Bir de tersinden bakalım; taze bir meyveyi dalından yememiş, masmavi denizlere bir kez olsun dalmamış, birine sımsıkı sarılıp uzun uzun öpmemiş birileri de ölüdür. Ya elinde kılıç ile televizyon başında bekleyip de, izlediği dizide fethedilen yerlere bayrak dikmek isteyen ancak bunu hiçbir zaman yapamayacağının farkında bile olmayan, yokluk, dışlanmışlık ve yalnızlık içinde olduğu halde kendisini dünyanın merkezinde sanan, gerçekle bağını koparmış kişiler de ölü değil midir?
Hepsini alt alta-üst üste topladığınızda, yaşadığımız coğrafyanın bir ölüler ülkesi olduğunu siz de göreceksiniz. Eh, bu kişilerin maceralarını sayfalarına konu ettiğimiz köşemizin adı da bu yüzden 'Ölüler ülkesi yazıları' olmalıdır.
Madem gerçeği kendi yüzümüze çarptık, madem artık bilgimiz, bilincimiz bu kötülüğün farkında, ne duruyoruz. Şimdi hepsiyle yüzleşme zamanıdır. Yılgınlık yok. İlk kez ölmedi ki bu coğrafya. Her şeyi tekrardan canlandırmak için haydi hep birlikte başlayalım maceramıza.
Şimdi kendi hikâyemizi, kendi sözümüzle anlatma sırası bizde. Söylencemiz başlasın. Viya Böyle!
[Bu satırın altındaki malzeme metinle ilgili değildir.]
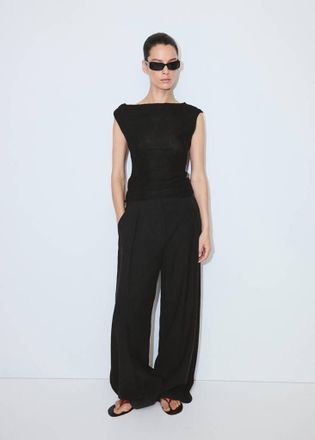 Mango Top asimmetrico ricami floreali nero - Donna - XS - MANGO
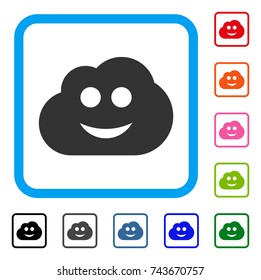 Cloud Smiley icon. Flat grey iconic symbol in a blue rounded square. Black, gray, green, blue, red, orange color variants of Cloud Smiley vector. Designed for web and app user interface.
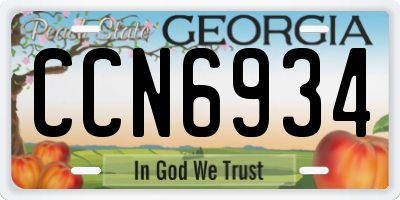 GA license plate CCN6934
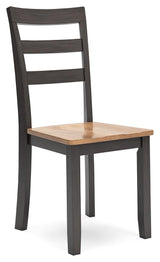 Gesthaven natural brown wood dining chair showing adjustable levelers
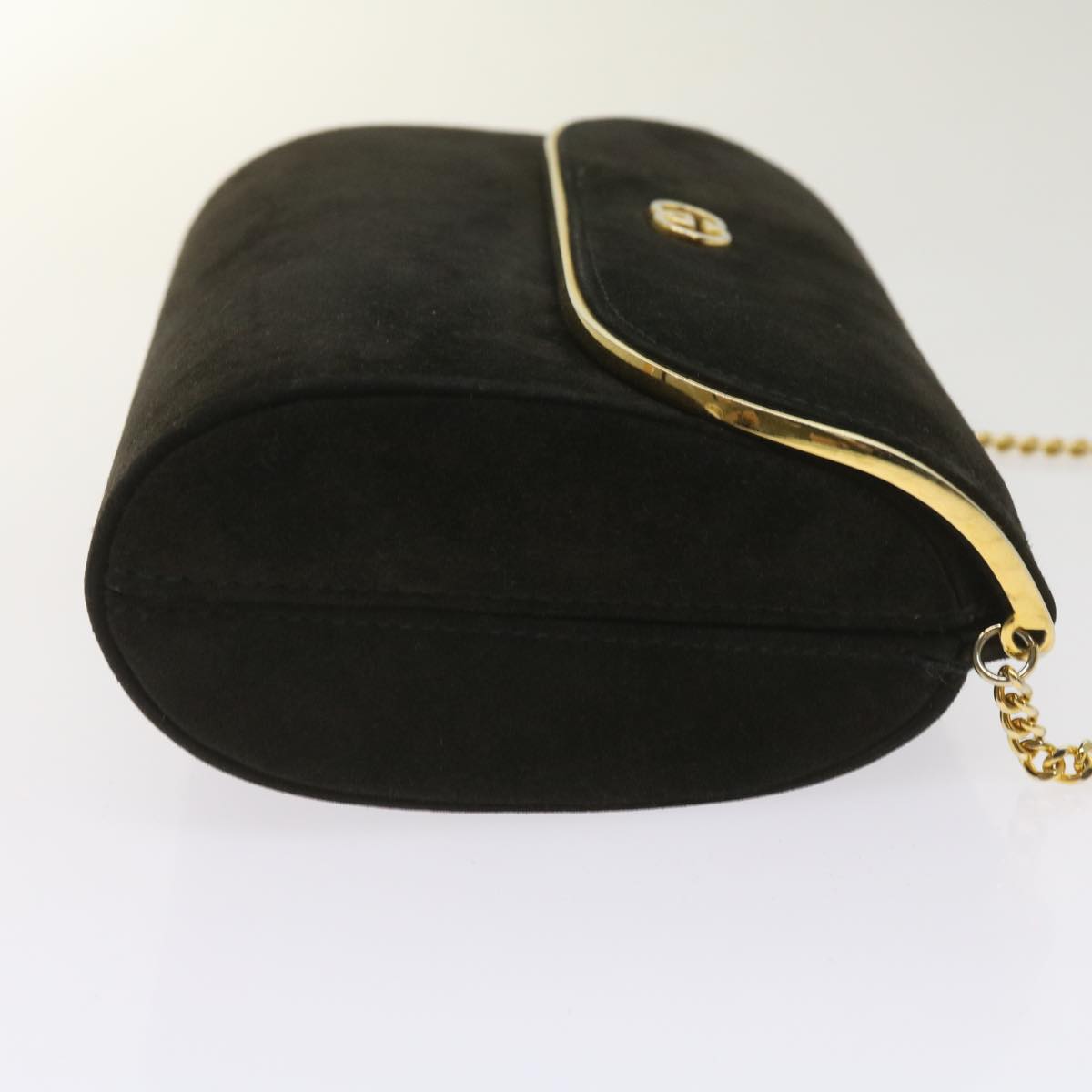 GUCCI Interlocking Chain Shoulder Bag Suede Black Auth yk10611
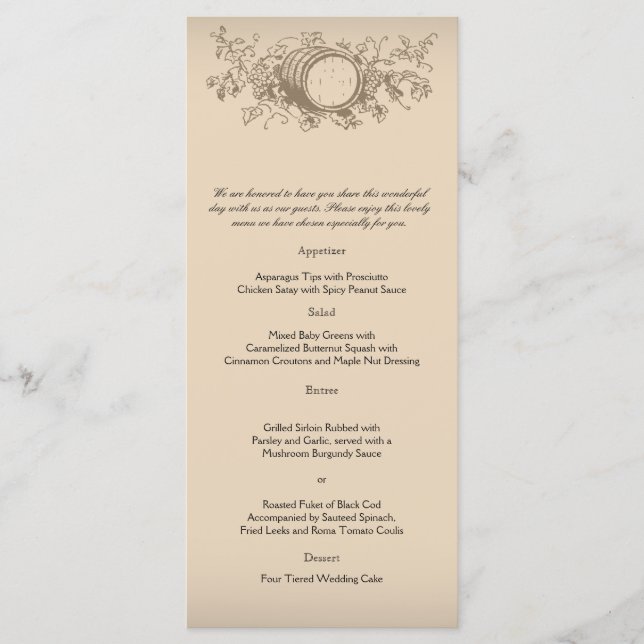 Vintage Winery Wedding Menu (Front)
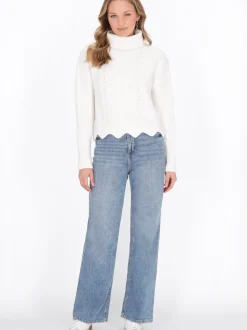 MyMo Damen Pullover in weiß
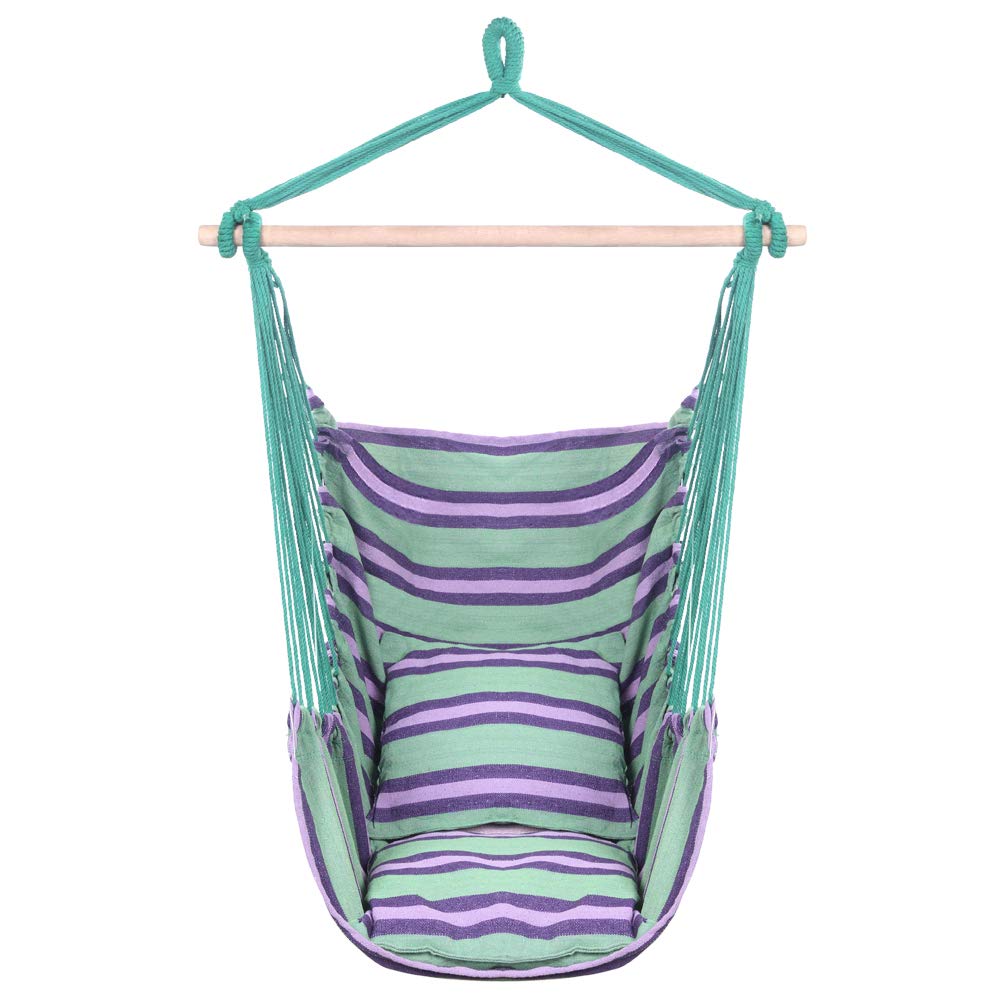KepooMan Cotton Canvas Hanging Chair with Pillows - Comfortable Padded Hammock Swing for Porch, Patio, Garden & Indoor Use - Green Outdoor Relaxation Chair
Yaa canım okur, lafa böyle başlamışız. Eh, böyle de devam edelim. Yılgınlık yok. Bizde atasözü de çok. İlla birisine takılmak gerekmez. Ne demiş kırkın yetmediğini gören diğer atalarımız? “Kırk bir kere maşallah” Biz de öyle diyelim ve yolumuza devam edelim.
Söylencemiz tüm hızıyla sürecek. VİYA BÖYLE!